Tromboncino is my new favourite vegetable. I got my seed from Diggers and I think they will displace zucchini in my garden. They grow like a very rampant cucumber, and by using lots of vertical space they conserve my precious intensively fenced ground space.
In my enthusiasm this year, I planted a couple of vines each planting break from late winter on. I now have one or two vines in each bed, growing up the south side fence, and I’ve got to the point where the neighbours and the chooks are just about over tromboncino and I don’t dare go away for the weekend for fear of them taking over the whole garden.
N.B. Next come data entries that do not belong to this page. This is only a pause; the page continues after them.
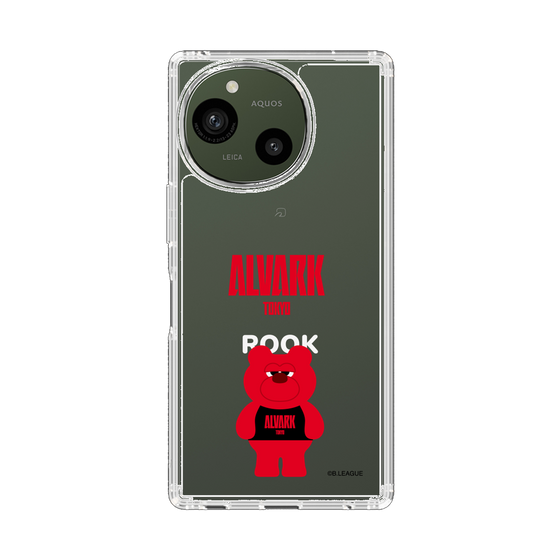 スリムプロテクションケース［ B.LEAGUE - アルバルク東京 - ルーク ］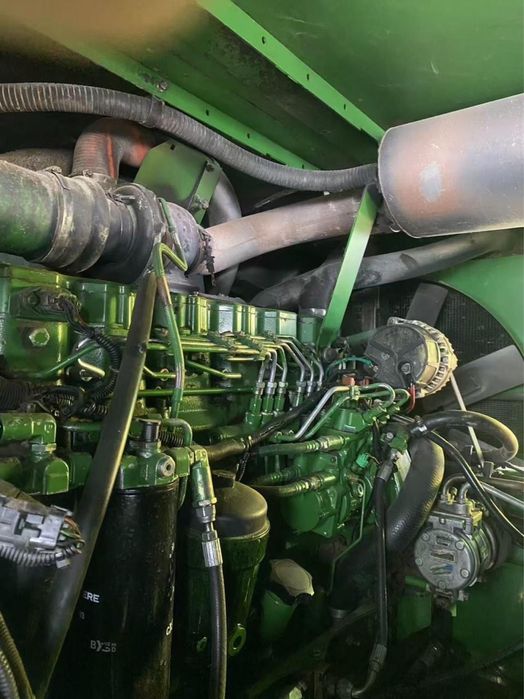 Сельхоз техника John Deere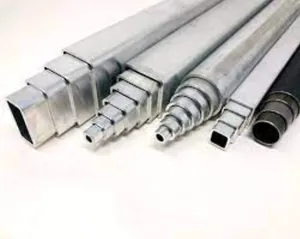 Custom Aluminum Telescoping Profile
Luckily I have a good repertoire of zucchini recipes, that all seem to work well with tromboncino.
I am going to try to see how long they will keep growing through winter. I have one vine that is now almost a year old – survived right through last winter. It is not bearing well enough any more to justify it’s spot, and last winter was very mild, but still, it’s impressive.
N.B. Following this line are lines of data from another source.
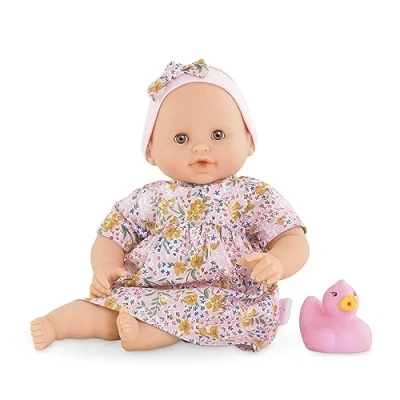 Afbeelding van Corolle baby badpop calypso flowers 30 cm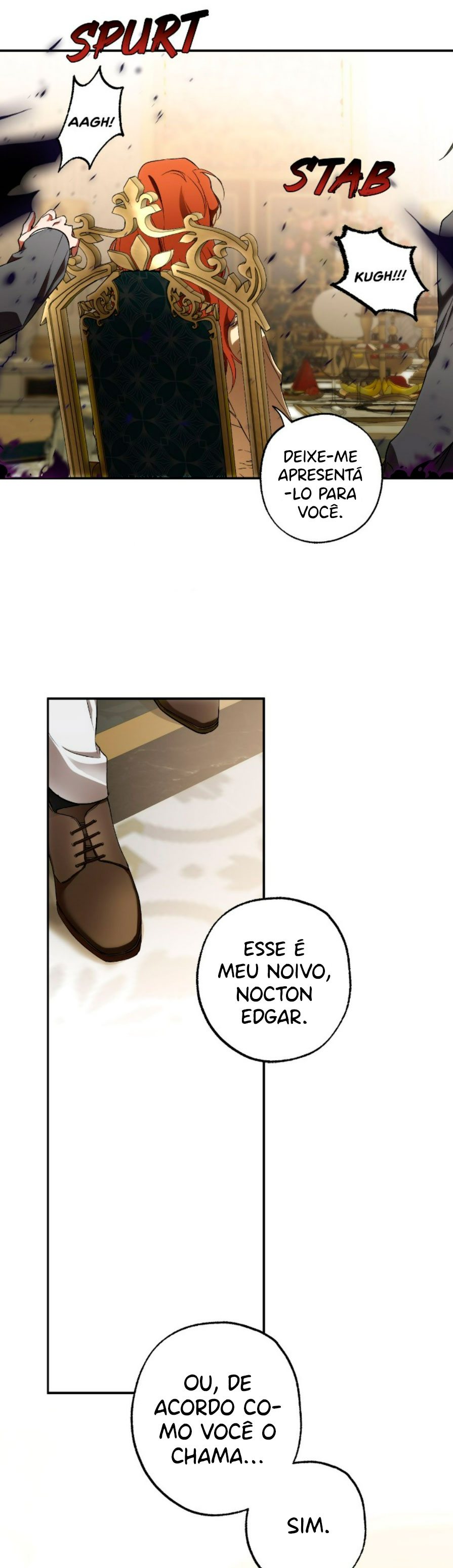 Tudo Foi Um Erro Capítulo 83 Página 13
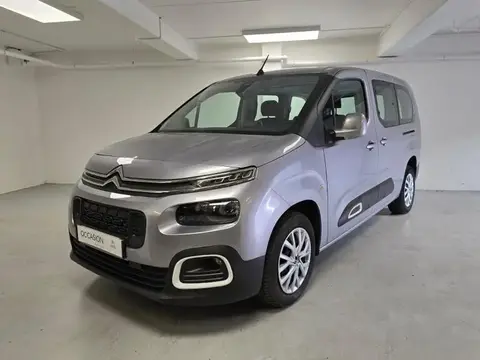 Annonce CITROEN BERLINGO Essence 2021 d'occasion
I have let a couple of the fruit grow out to save seed. This is my first attempt at saving seed from them, so it’s experimental, but I figure they probably go much like pumpkin or cucumber. I have been picking the fruit at this size – about 30 to 50 cm – for eating, so it has been interesting watching these ones growing, and growing, and growing.
The bulb at the bottom has the seeds in it, a bit like a butternut pumpkin. I’ve washed and dried them, and I shall test a couple for germination this month, though I suspect like the rest of their family they are really a hot weather crop. We have been eating all the neck part like a pumpkin. It’s not the best pumpkin ever – a bit bland and watery, like a gramma – but it works fine in soups and stews, diced and steamed as a side dish, or in muffins and scones.
If the zombocalypse hits, I think we’ll be living on tromboncino, Jerusalem artichokes, and bush turkeys.